If these settings are in use
--- Quote --- GET_FULL_BIO = True ; //Download Biography provider page for retreive the info. Otherwise only the info of the principal peple page.
//GET_FULL_BIO = False ; //Download Biography provider page for retreive the info. Otherwise only the info of the principal peple page.
//BIO_INFO_IN_BIO = True ; //Use the PVD field ~bio~ for storing the person Biography Info Url link for Biography Pages.
BIO_INFO_IN_BIO = False ; //Use the PVD field ~bio~ for not storing the person Biography Info Url link for Biography Pages.
//BIO_URL_IN_BIO = True ; //Use the PVD field ~bio~ for storing the person Url's for Biography Info (Mini Bio) for Biography Pages.
BIO_URL_IN_BIO = False ; //Use the PVD field ~bio~ for not storing the person Url's for Biography Info (Mini Bio) for Biography Pages.

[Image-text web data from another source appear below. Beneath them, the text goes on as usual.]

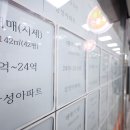 삶의터전
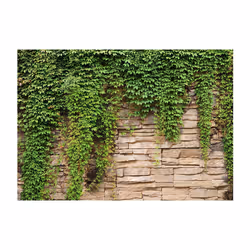 Planete Discount PD13817-100-70 papier-peint Papier peint non tissé Beige, Vert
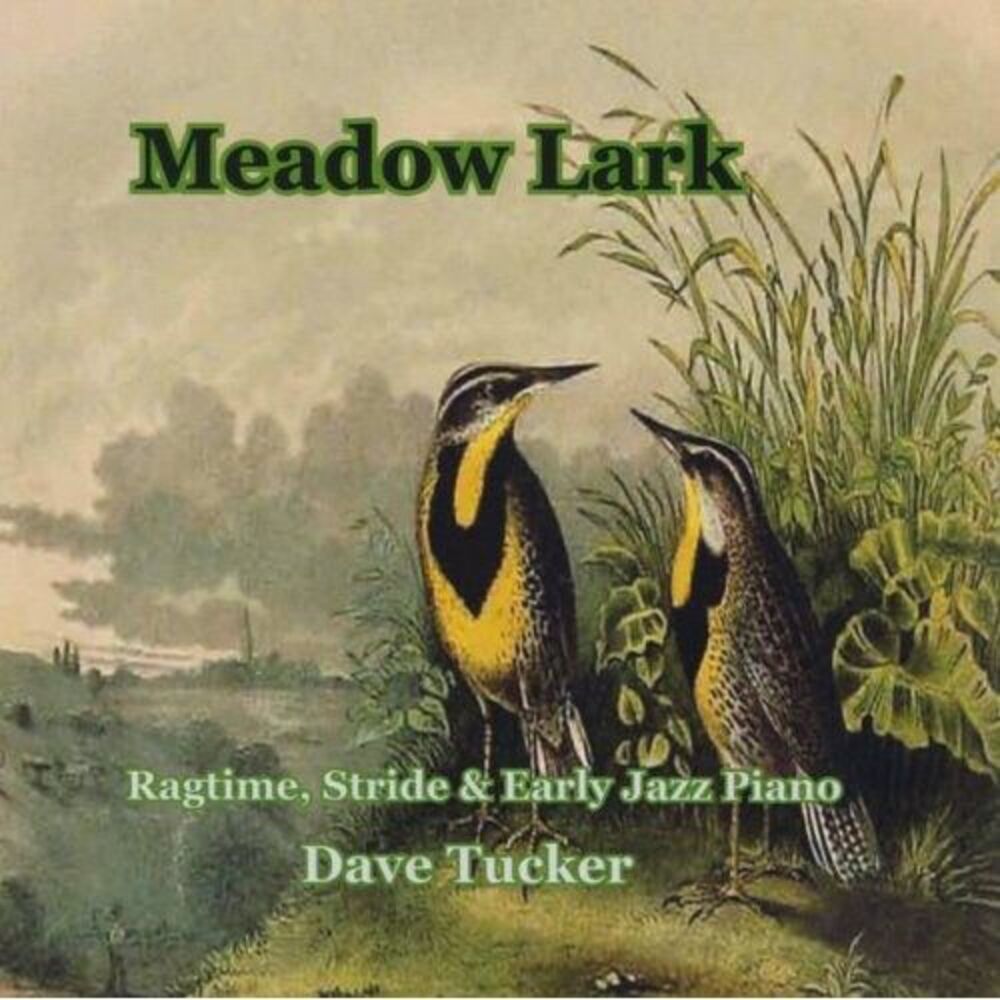 Dave Tucker - Meadow Lark  CD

//IMDB_MINI_IN_BIO = True ; //Use the PVD field ~bio~ for storing the person IMDb Mini Biography letters for Biography Info (Mini Bio) for Biography Pages.
IMDB_MINI_IN_BIO = False ; //Use the PVD field ~bio~ for not storing the person IMDb Mini Biography letters for Biography Info (Mini Bio) for Biography Pages.
--- End quote ---
then in the bio field it then looks like this.
--- Quote ---Andrea Barber was born on July 3, 1976 in Los Angeles, California, USA. She is an actress and writer, known for Polna hiša (1987), Fuller House (2016) and Days of Our Lives (1965). She was previously married to Jeremy Rytky.
--- End quote ---
If these settings are in use
--- Quote --- GET_FULL_BIO = True ; //Download Biography provider page for retreive the info. Otherwise only the info of the principal peple page.
//GET_FULL_BIO = False ; //Download Biography provider page for retreive the info. Otherwise only the info of the principal peple page.
BIO_INFO_IN_BIO = True ; //Use the PVD field ~bio~ for storing the person Biography Info Url link for Biography Pages.
//BIO_INFO_IN_BIO = False ; //Use the PVD field ~bio~ for not storing the person Biography Info Url link for Biography Pages.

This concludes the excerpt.